### [REQUIRED WORK]
Below are the records; extract from them the line containing "リーバイス Levis Tシャツ" to the line containing "収納　同じ間取りの別部屋写真です", both lines included, exactly and with no pictures.

### [TASK INPUT]
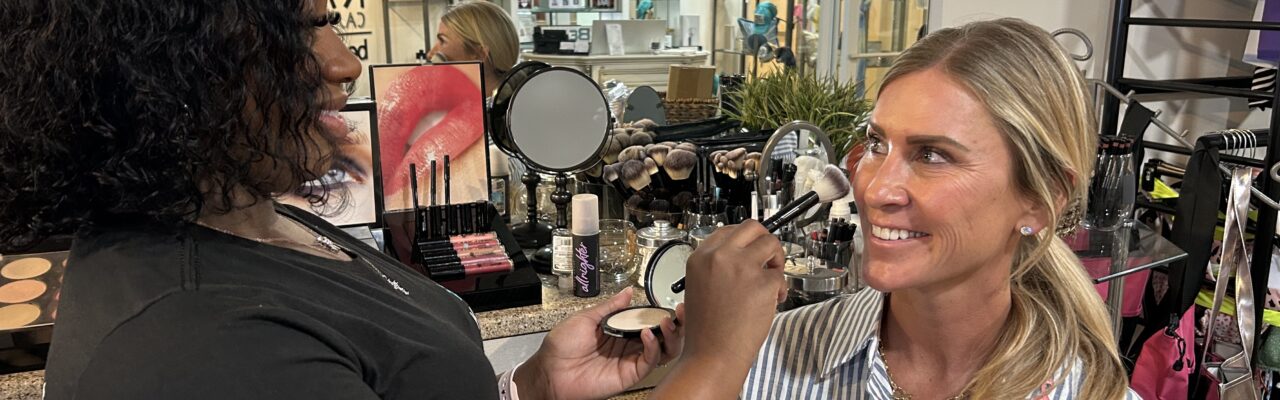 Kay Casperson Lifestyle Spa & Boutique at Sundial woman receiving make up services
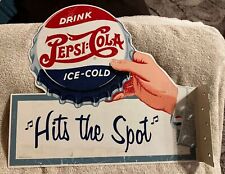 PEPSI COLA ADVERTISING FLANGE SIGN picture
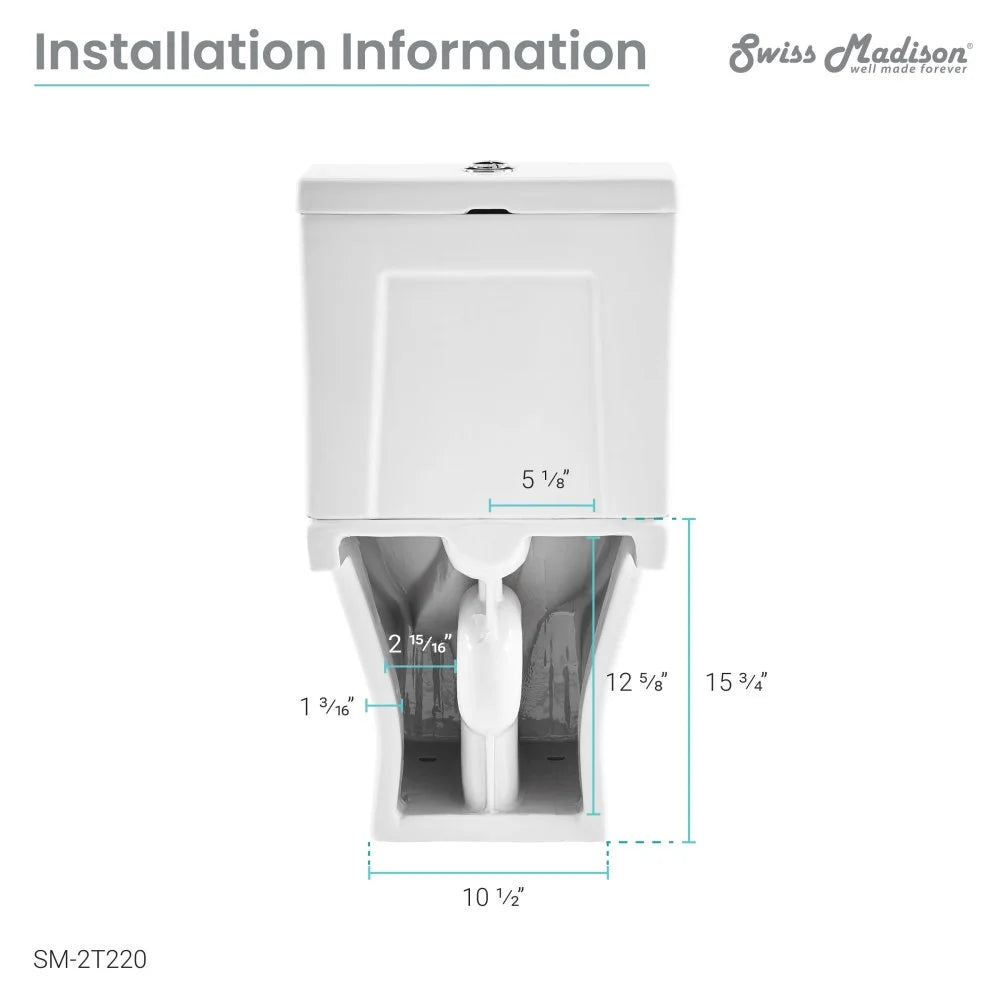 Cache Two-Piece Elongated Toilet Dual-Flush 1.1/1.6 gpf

==

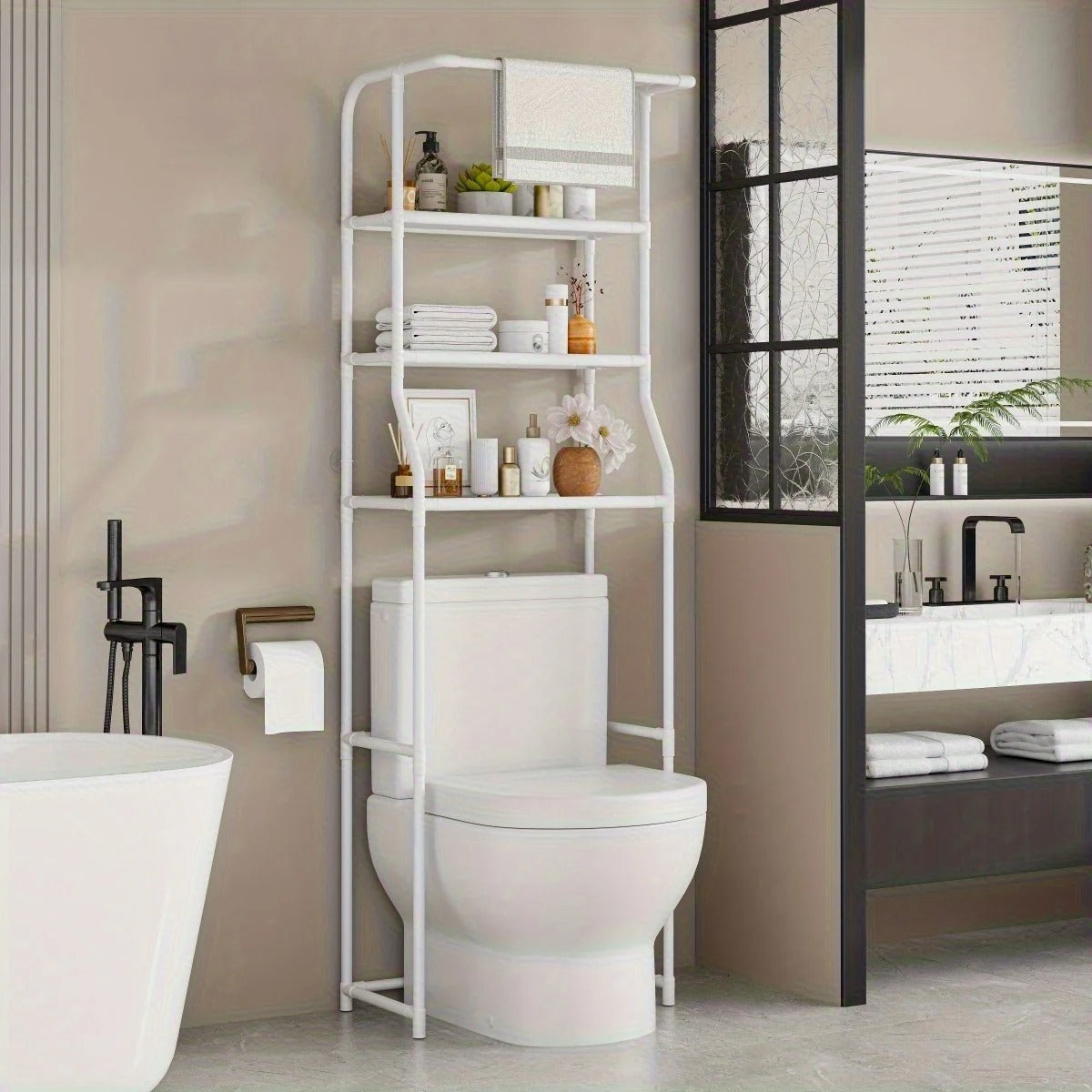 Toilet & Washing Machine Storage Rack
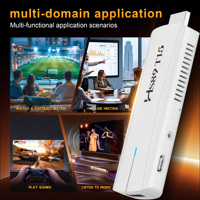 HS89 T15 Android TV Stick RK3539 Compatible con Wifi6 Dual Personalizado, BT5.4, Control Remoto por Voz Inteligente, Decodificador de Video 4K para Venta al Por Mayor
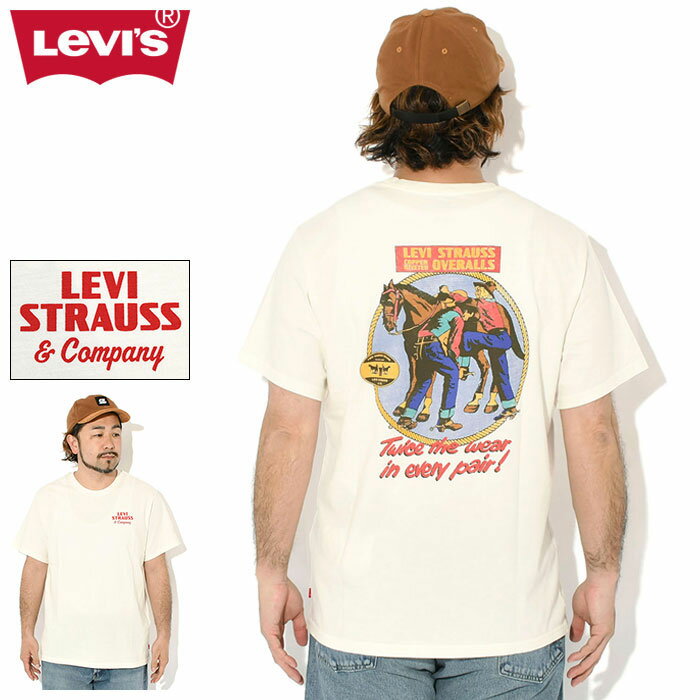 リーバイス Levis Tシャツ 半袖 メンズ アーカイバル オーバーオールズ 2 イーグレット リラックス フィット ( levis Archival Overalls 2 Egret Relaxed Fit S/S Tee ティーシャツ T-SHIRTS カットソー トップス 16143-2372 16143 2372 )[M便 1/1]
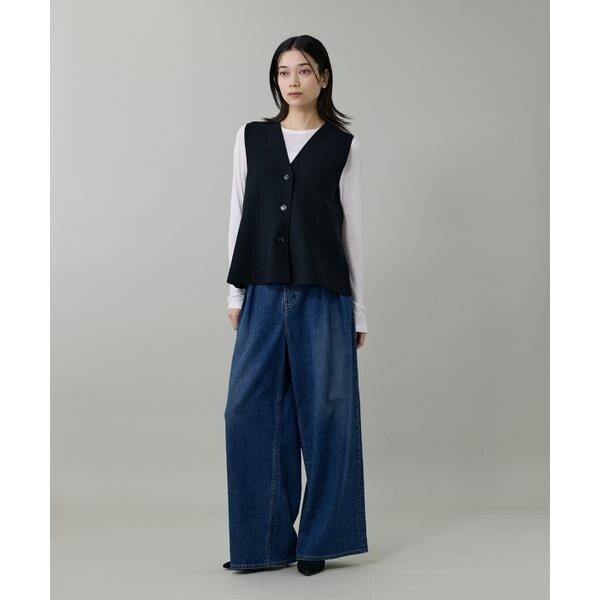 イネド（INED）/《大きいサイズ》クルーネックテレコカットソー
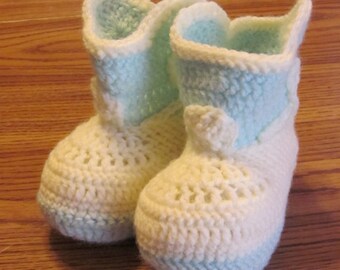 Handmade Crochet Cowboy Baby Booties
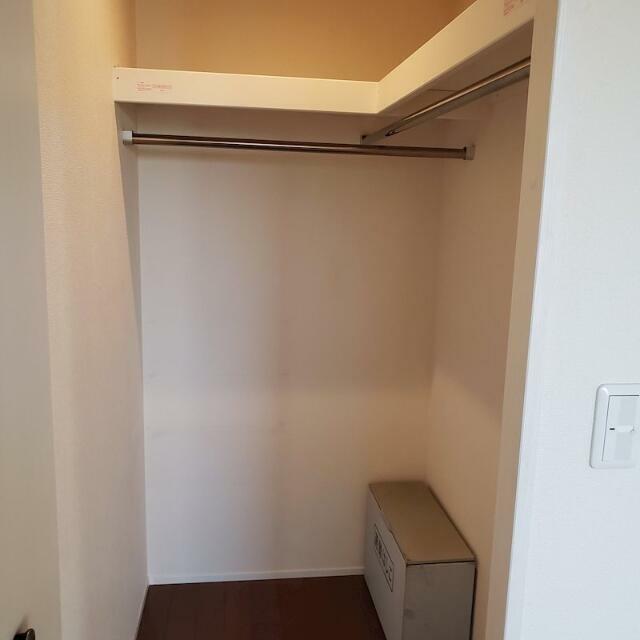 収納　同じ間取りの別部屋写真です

### [REPLY]
 リーバイス Levis Tシャツ 半袖 メンズ アーカイバル オーバーオールズ 2 イーグレット リラックス フィット ( levis Archival Overalls 2 Egret Relaxed Fit S/S Tee ティーシャツ T-SHIRTS カットソー トップス 16143-2372 16143 2372 )[M便 1/1]
 イネド（INED）/《大きいサイズ》クルーネックテレコカットソー
 Handmade Crochet Cowboy Baby Booties
 収納　同じ間取りの別部屋写真です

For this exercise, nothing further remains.